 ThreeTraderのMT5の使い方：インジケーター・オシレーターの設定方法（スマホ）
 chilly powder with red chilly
* * *
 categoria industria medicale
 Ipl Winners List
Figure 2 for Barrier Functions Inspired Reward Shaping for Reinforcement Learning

== What you should do ==
Please, from the material above, copy only the lines from the line with "ThreeTraderのMT" up to and including the line with "chilly powder with red chilly", exactly as written.

== Solution to the exercise ==
 ThreeTraderのMT5の使い方：インジケーター・オシレーターの設定方法（スマホ）
 chilly powder with red chilly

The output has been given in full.